What If I Don’t Want to Forgive? Exploring Honest Faith and Real Pain

Black man in yellow jumper sitting down with hand to forehead and eyes closed

You’re not less faithful because you’re struggling to forgive…

Forgiveness is a word that carries weight — especially for Christians. We hear it in sermons, we read it in Scripture, and we know it’s part of the call to live like Christ. But what happens when forgiveness feels out of reach? What if the pain is still fresh, the betrayal still raw, or the wound never fully healed?

At Clarity Life Counselling, we work with many people who are struggling with the pressure to forgive — not because they don’t want to, but because they don’t know how.

Battling With Betrayal

Take Lisa, for example*. She’s been part of church life for years. She’s committed, compassionate, and carries her faith deeply. But she also carries something else — the memory of a betrayal by a close friend in her church community. She’s been told to forgive and move on, but her heart still aches. She feels stuck between what she believes she should do, and what she’s actually ready for.

The Misunderstanding Around Forgiveness

In Christian circles, we often mistake forgiveness for instant emotional release — as if saying “I forgive you” means all the pain disappears.

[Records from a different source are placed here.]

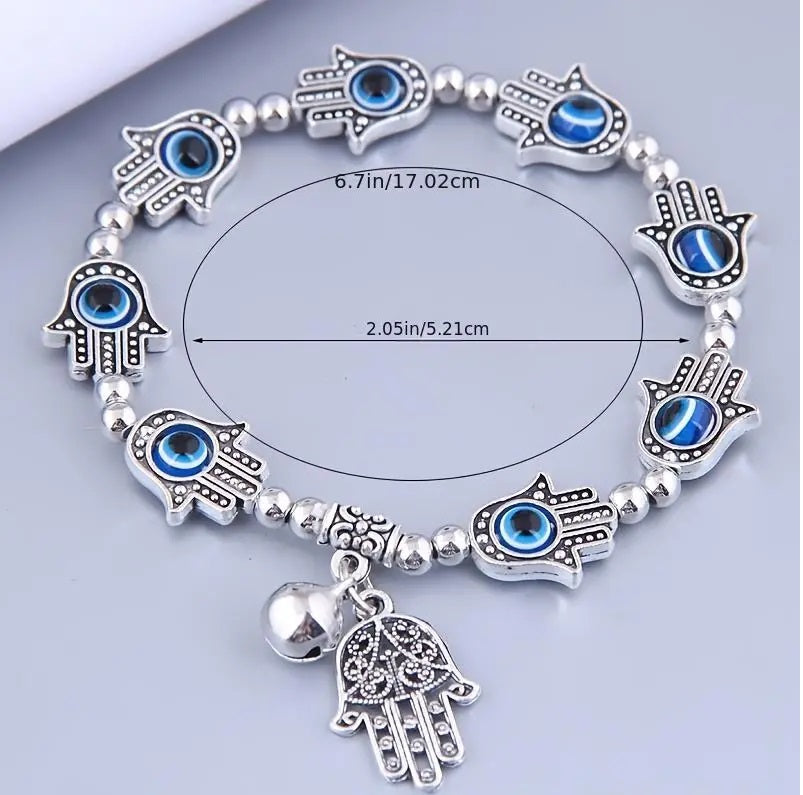 Evil Eye Bracelet Hamsa Hand Greek Turkish Mati Bangle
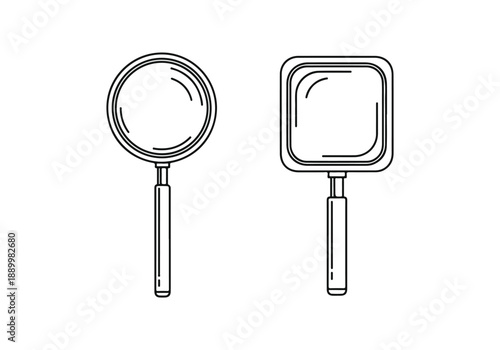 Two different magnifying tools Vector
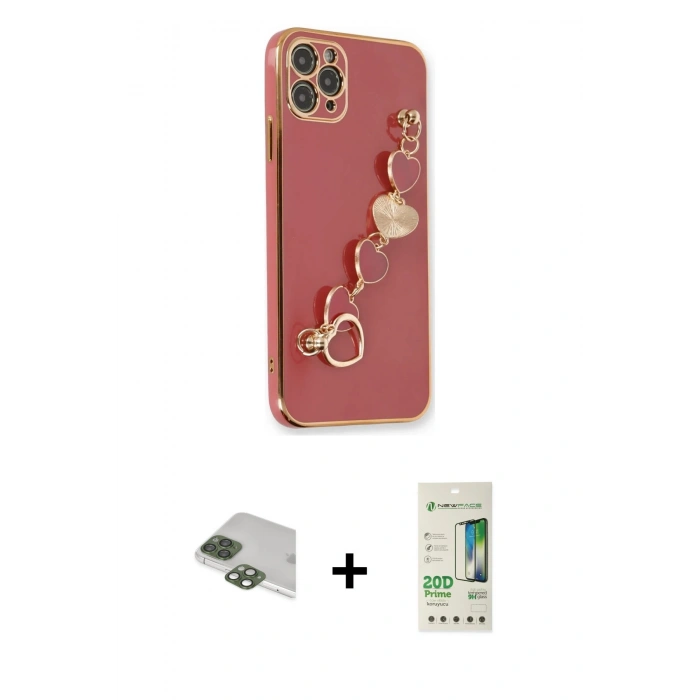 MARSİLYAN™- iPhone 11 Pro Max Kılıf Nova Işık Prime - Siyah 20D Premium Cam Ekran Koruyucu + Pers Alüminyum Kamera Lens - YL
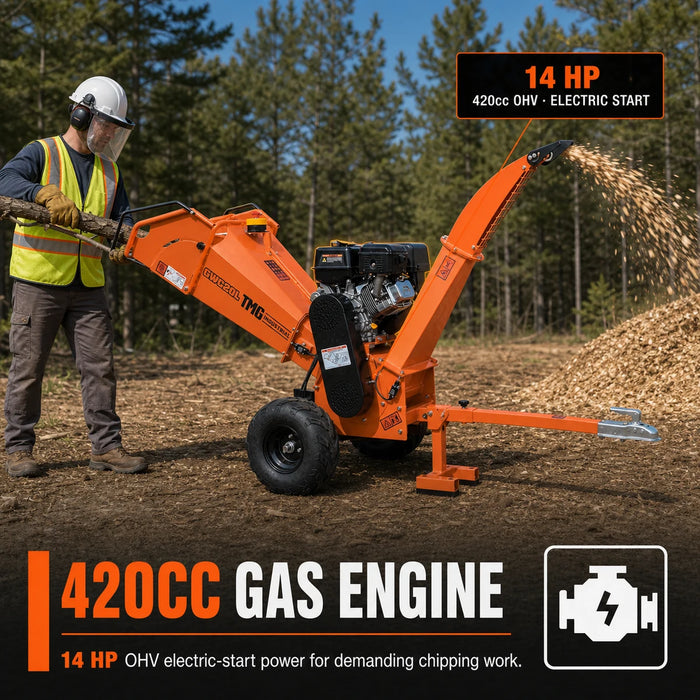 4-3/4" Wood Chipper with 14 HP Gas Engine, Electric Start, 2" Hitch Tow-Behind, TMG-GWC20L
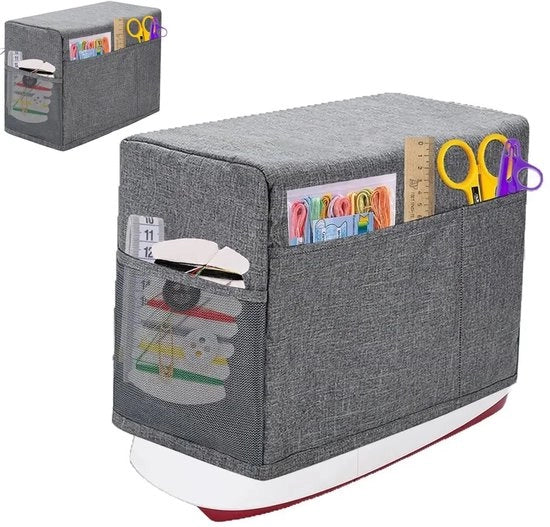 Custodia per macchina da cucire 2 in 1 con tas di stoccaggio e manico laterale - Copertura per macchina da cucire - Copertura per la maggior parte delle macchine da cucire standard - Gli strumenti non sono inclusi - Grigio - 44x30x21,5 cm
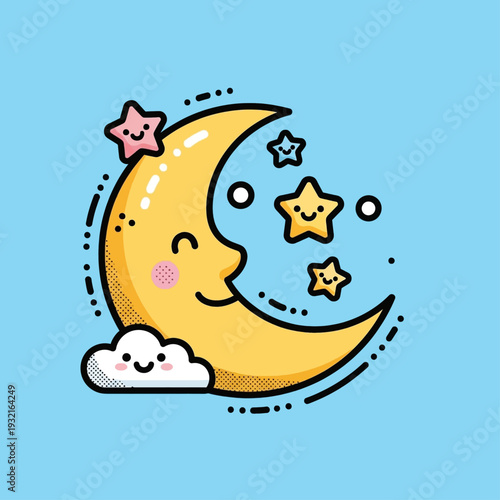 A cute cartoon crescent moon with a happy face, surrounded by smiling stars and a fluffy cloud on a light blue background.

But real forgiveness, especially in the wake of trauma or deep hurt, is often a process, not a moment.

Forgiveness is not:

  • Forgetting what happened

  • Excusing wrongdoing

  • Forcing reconciliation

  • Pretending it didn’t hurt

According to psychologist Dr. Everett Worthington (2013), a leading researcher on forgiveness, healthy forgiveness involves two key elements:

  1. Decisional forgiveness – choosing to release resentment, even when emotions haven’t caught up.

  2. Emotional forgiveness – a gradual softening of anger or bitterness over time.

This distinction matters. It allows you to start the journey of forgiveness without denying your pain.

What Scripture Really Says

Forgiveness is biblical, but it’s never coerced or minimised. In Ephesians 4:32, Paul encourages the church:

“Be kind and compassionate to one another, forgiving each other, just as in Christ God forgave you.”
(Ephesians 4:32, NIV)

But Paul’s letters were written to people in the middle of conflict, pain, and messy lives — not perfect, pain-free saints. This verse is a call to compassion, not pressure. The foundation of forgiveness is being kind and compassionate , including toward yourself.

How Christian Counselling Can Help

At Clarity Life Counselling, we offer space to explore the hard parts of forgiveness. Our faith-based counselling approach walks with you through:

  • Naming the hurt and validating your emotional experience

  • Discerning what healthy boundaries might look like

  • Understanding the difference between forgiveness and reconciliation

  • Learning how to grieve what was lost

  • Inviting God into your healing, honestly and gently

We use trauma-informed methods, like compassion-focused therapy and narrative therapy, to support emotional healing while grounding it in biblical truth.

You’re not weak because you’re struggling to forgive. You’re human. And healing is a journey.

Questions to Reflect On

  • Have I been trying to forgive before I’ve had space to grieve?

  • Do I feel pressure to “move on” too quickly?

  • What would forgiveness look like, if it started with self-compassion?

You Don’t Have to Do This Alone

Forgiveness is powerful — but it doesn’t have to be forced or rushed. If you’re holding onto hurt, and you’re ready to talk, we’re here.

Clarity Life Counselling offers confidential, compassionate Christian therapy in the UK, where your faith and feelings are both honoured.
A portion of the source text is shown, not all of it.